The growing need for data processing frameworks and data governanceBack to Blog
Imagine a world where data collected from numerous disparate data sources could be processed without intervention, with no impact on downstream activities, and made available to users in the right format, at the right time, allowing your business to gain the intrinsic value held within it.
The shift from offline to digital data sources only compounds the issues that many businesses are facing when it comes to processing and storing data. Combining any new dataset with existing systems should be an easy, replicable process, allowing new feeds to be integrated with minimal effort. But, in reality, it’s not that simple.
To reach this goal, businesses need to write and implement a set of rules (data processing framework), which reduces the time and effort needed to prepare and correct data before attempting to load it into a database.
These rules fall under a wider umbrella (data governance) which, when implemented, assists in the collection and loading of data. Data governance defines the framework or processes that ensure data is effectively managed throughout your business and, when put in place, reduces costs and increases revenue.
There are three main components of data governance:
- Rules or controls for all data flows in and out of your business
- Implementation of these rules or controls
- Data management to ensure your company is compliant
We’ll focus on the first of these three elements here.

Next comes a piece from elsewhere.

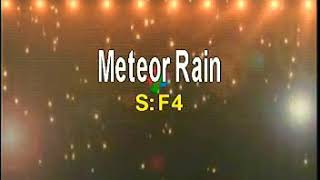 Download Lagu Meteor Rain Karaoke MP3 Download Lagu Meteor Rain Karaoke MP3
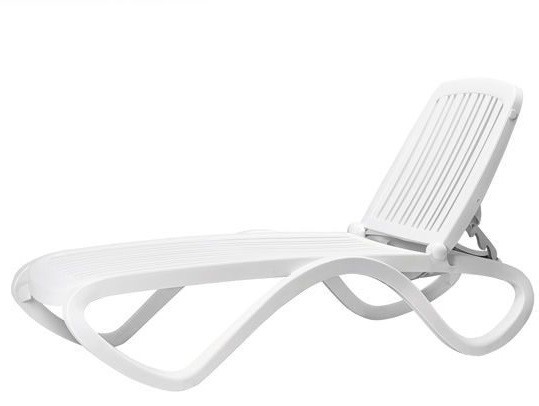 Шезлонги Tropico bianco купить в Киришах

When it comes to data collection, whether input directly into a system by a user, a web form asking for customer/supporter information or a third-party collecting data on your behalf, it must be accurate and meet minimum standards defined in the data governance policy.
But this isn’t always the case, with different attributes being captured sporadically containing different values to those expected and using different naming conventions and varying file formats. When such feeds are designed and implemented adhering to defined guidelines, minimal effort is then required to set up ETL (Extract, Transform, Load) processes, and they may even match the format of other feeds already in place.
Let’s look at some simple rules that can benefit your business:
- Naming conventions – define what each field should be called. ‘Forename’, for example, will be captured by different suppliers as ‘Firstname’, ‘First name’ or ‘First_name’. Ask for fields to be supplied with names that conform with your policy. Where suppliers are unable to conform, document the differences and ensure all who are concerned are aware of this divergence. Alternatively, your ETL product may allow for aliases to be used e.g., define the field as ‘First_name’ but with an alias of ‘Forename’. Thus, when the field is supplied as ‘Forename’, it’ll automatically map to the ‘First_name’ field.
- Minimum data requirements – missing or incomplete data attributes cause issues to downstream processes. This covers a broad range of business areas, such as call handlers, digital teams, data management, point of sale etc. Entity management software (single customer/supporter view) relies on many attributes to identify matching criteria across records and, when these are present and correct, leads to an accurate, compliant and trusted dataset. Here are a couple of examples of this. Firstly, capture full names rather than just initials. And, when capturing email addresses, also capture name attributes, not just email addresses – the classic email matching conundrum!
- Permitted values – this is a simple example, but if it’s a postcode field, then stipulate that it contains a postcode. Wherever possible, validation of the value should be configured at the source. Of course, international data must be considered too. Another common scenario around permitted values of data capture relates to consent and ensuring it’s collected and stored correctly. Historically, one feed may have collected data as an opt-in and another as an opt-out, but both with a yes and no option, which conflict when put together. Standardising the values as much as validating them is important. Ideally, all data capture points would implement the same standards and capture consistent values, but these aren’t always within the control of the receiving organisation. The pain point is, therefore, often accepted to be at the point of standardisation. In some cases, we’ve seen recoding of the historical data, although this needs to be done with care and full awareness of all data users.
- Change control/management – an obvious item to point out. Amendments to existing feeds must be developed and tested before being allowed anywhere near your live environment.
If the above rules are scoped out, implemented and adhered to, the need for human interaction to fix data will be massively reduced if not (in some cases) completely removed. The benefits will be felt right across your business, ranging from the data team who are constantly fixing issues to the teams responsible for selections, analysis and reporting projects. They’ll be able to spend less time QA-ing and validating the results and build trust in the dataset available.